Nicholas Carr: «Cliquer plus pour penser moins»

Le journaliste Nicholas Carr s’est fait remarquer avec un article provoc, «Is Google making us stoopid ?» (paru dans «The Atlantic» l’été dernier) dans lequel on s’est tous reconnus, nous inspirant à poser à notre tour la question («Le Web 3.0 rend-il idiot ?» dans le Technikart du mois de juin).

nicholas-carrNicholas Carr, vous dénoncez l’emprise qu’aurait le Web 3.0 sur nous tous. Cette «Twitterification» du monde – le fait de vouloir de courtes interruptions divertissantes à tout moment de la journée, comme celles de Twitter – est-elle en train d’empirer ?

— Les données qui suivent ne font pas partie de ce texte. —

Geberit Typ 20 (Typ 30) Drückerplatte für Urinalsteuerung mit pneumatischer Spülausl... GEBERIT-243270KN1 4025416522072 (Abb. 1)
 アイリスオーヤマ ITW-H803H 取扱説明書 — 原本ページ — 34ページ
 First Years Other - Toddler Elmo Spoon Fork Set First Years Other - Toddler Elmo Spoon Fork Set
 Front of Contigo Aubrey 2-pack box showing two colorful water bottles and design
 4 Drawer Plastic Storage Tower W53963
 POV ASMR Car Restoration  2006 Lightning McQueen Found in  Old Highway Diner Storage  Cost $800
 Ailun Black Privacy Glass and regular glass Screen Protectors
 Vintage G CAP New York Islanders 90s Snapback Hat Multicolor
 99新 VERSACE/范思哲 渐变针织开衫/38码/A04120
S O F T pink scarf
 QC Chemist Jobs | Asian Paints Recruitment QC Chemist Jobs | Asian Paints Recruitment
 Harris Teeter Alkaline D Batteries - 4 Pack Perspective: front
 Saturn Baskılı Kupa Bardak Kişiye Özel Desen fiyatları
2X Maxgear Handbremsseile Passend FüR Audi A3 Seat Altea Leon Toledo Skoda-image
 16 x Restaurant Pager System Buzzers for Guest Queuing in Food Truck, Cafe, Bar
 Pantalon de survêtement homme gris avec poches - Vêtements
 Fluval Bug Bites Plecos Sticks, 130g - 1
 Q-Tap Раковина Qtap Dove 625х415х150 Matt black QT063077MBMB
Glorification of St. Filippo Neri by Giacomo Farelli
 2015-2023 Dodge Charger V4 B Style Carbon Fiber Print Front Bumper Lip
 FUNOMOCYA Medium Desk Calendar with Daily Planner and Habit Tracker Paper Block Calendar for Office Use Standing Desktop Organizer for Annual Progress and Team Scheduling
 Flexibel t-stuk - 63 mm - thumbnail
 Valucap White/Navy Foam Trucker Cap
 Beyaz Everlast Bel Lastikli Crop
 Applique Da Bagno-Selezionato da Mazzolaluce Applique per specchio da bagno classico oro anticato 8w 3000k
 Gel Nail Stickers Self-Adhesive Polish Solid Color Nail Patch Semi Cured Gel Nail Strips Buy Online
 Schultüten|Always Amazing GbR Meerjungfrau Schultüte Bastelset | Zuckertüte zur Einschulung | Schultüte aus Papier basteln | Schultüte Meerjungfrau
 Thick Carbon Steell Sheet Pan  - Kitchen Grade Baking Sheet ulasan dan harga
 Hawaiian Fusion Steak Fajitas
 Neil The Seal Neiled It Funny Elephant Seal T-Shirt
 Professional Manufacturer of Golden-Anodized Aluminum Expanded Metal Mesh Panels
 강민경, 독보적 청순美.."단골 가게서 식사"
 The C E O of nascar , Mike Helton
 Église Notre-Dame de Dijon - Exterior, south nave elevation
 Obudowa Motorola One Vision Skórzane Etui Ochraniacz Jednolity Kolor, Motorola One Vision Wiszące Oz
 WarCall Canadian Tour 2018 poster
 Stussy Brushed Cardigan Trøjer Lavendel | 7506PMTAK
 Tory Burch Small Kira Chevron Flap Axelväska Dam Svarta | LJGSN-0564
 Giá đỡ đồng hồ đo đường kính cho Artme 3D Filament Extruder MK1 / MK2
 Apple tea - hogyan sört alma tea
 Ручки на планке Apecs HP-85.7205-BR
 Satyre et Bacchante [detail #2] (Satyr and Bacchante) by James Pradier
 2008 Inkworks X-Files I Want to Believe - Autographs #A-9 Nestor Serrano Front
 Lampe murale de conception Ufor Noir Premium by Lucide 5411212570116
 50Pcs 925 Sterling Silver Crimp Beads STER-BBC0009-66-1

Oui, il y a quelque chose d’ancré en nous qui demande à être diverti, à être absorbé dans un flux d’informations constant et superficiel. Cela se confirme quand l’information a une connexion avec nos vies et prestances sociales, ce qui est le cas avec l’information échangée à travers les réseaux sociaux. Une majeure partie de la concurrence entre les grandes sociétés d’Internet dépend de la rapidité du flux d’informations, nous amenant à cliquer plus pour penser moins. Je pense que nous atteindrons probablement notre limite cognitive à un certain moment et il y aura alors une répercussion. Mais nous ne semblons pas en être encore arrivés là.

Vous avez des preuves neuroscientifiques d’une crétinisation massive ?

Mon article était en grande partie inspiré par mon expérience personnelle, de mon usage d’Internet qui sape mes capacités à me concentrer, à être contemplatif et réfléchi. Pour le livre que je prépare, «The Shallows: Mind, Memory and Media in an Age of Instant Information», je me réfère aux expériences scientifiques pour voir comment se connecter constamment à Internet influence la manière dont notre cerveau fonctionne – à un niveau cellulaire et même moléculaire. Et les nouvelles ne sont pas bonnes.


Nous dirigeons-nous pour autant vers une «idiocratie», une civilisation avec des QI à deux chiffres ?

Je pense que le terme d’idiocratie est trop fort. Il y a aussi des avantages à l’utilisation du Net. Nous devenons plus experts en traitement de fragments d’information, en analyse et en catégorisation de données. Autrement dit, nous devenons un peu comme nos ordinateurs. Je ne pense pas que ce soit de bonne augure pour notre intelligence personnelle ou pour notre culture, mais d’autres soutiennent que c’est notre destin.

Que faire pour éviter ce nivellement par le bas ?

Nous avons besoin de prendre conscience de la manière dont nous dirigeons notre attention. Nous avons besoin d’agir moins comme l’information que nous délivre une machine, et plus comme un être humain. Ça semble facile, mais ça devient de plus en plus compliqué de le faire.